*** INFORMATION PROVIDED ***

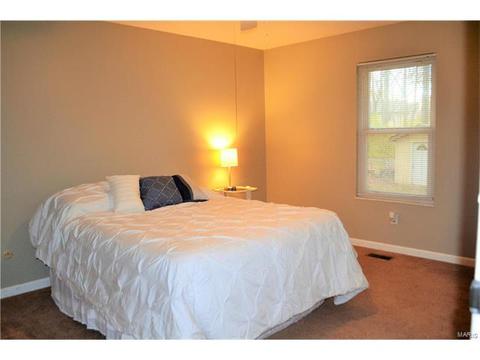 54 White Doe Ct, Eureka, MO 63025 photo 7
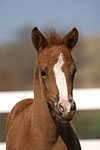 Deutsches Reitpony / pony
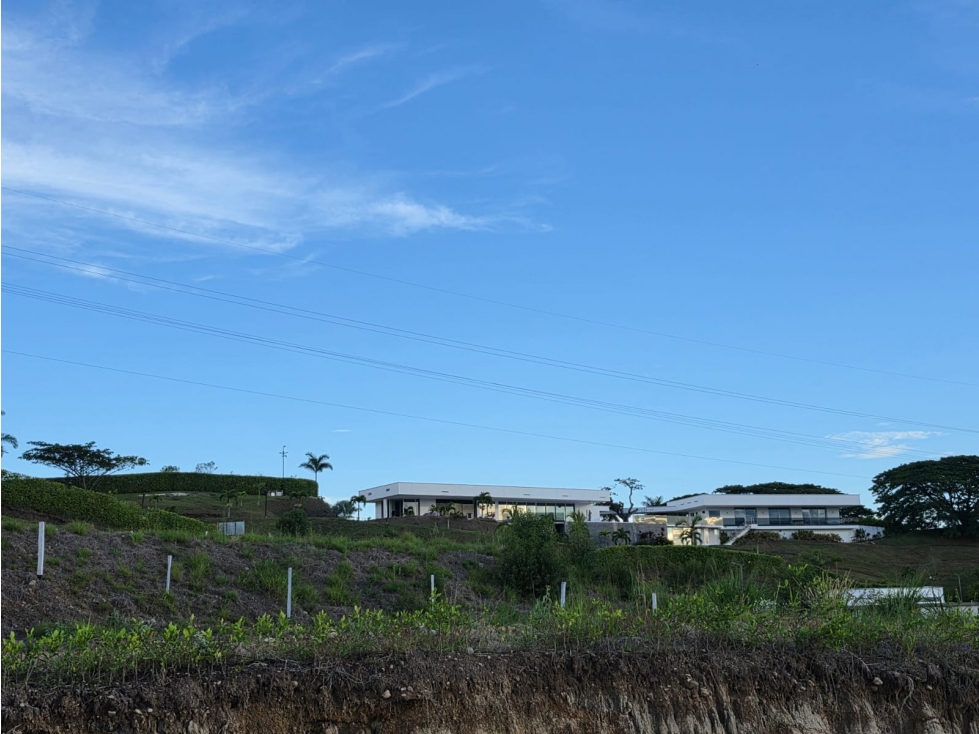 LOTES EN VENTA | CERRITOS VIA CARTAGO, PEREIRA — foto 5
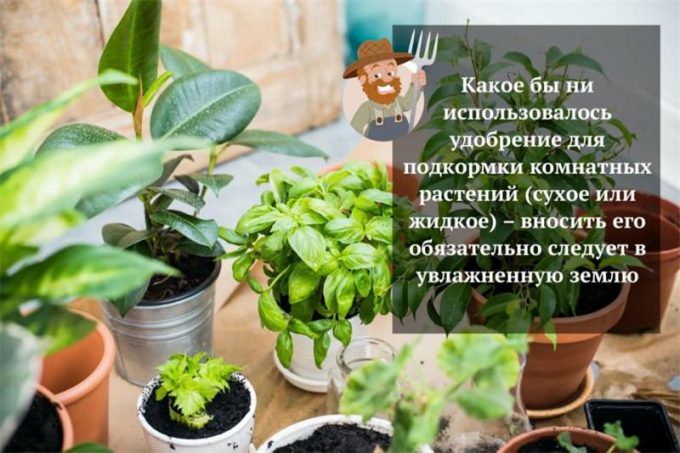 Добриво для кімнатних квітів: огляд кращого підживлення, інструкції щодо застосування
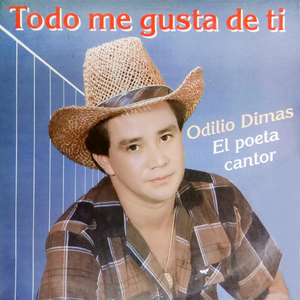 Todo Me Gusta De Ti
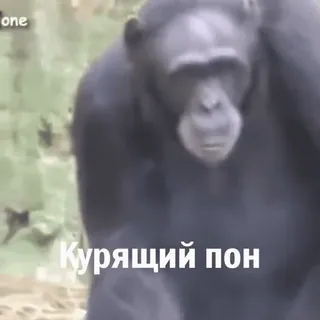 пон пон пон нипон @sanitarchick :: @fStikBot whatsapp stickers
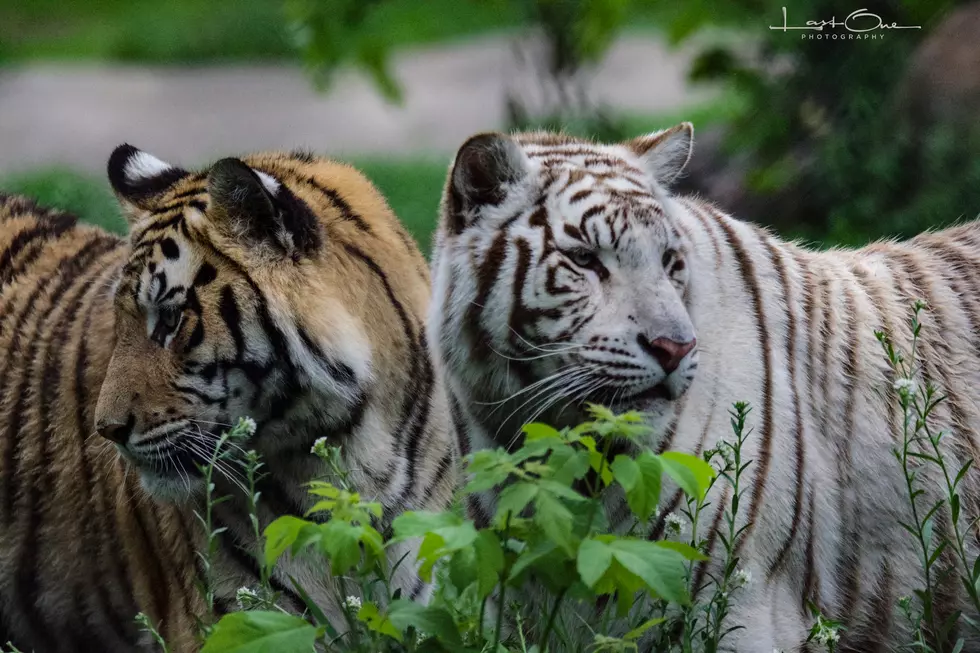New Camps and Events Await at Pine Grove Zoo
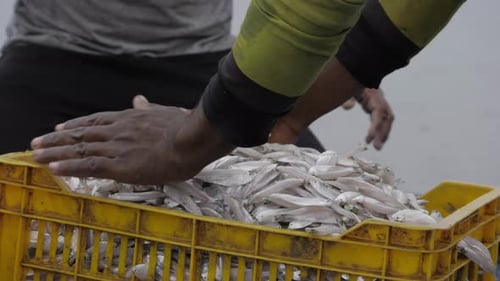 Fresh Fish in the Hands - A Day at the Market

*** End of INFORMATION PROVIDED ***

YOUR TASK:
Give back every record above exactly as written, skipping each picture.

REPLY:
 54 White Doe Ct, Eureka, MO 63025 photo 7
 Deutsches Reitpony / pony
 LOTES EN VENTA | CERRITOS VIA CARTAGO, PEREIRA — foto 5
 Добриво для кімнатних квітів: огляд кращого підживлення, інструкції щодо застосування
 Todo Me Gusta De Ti
 пон пон пон нипон @sanitarchick :: @fStikBot whatsapp stickers
New Camps and Events Await at Pine Grove Zoo
 Fresh Fish in the Hands - A Day at the Market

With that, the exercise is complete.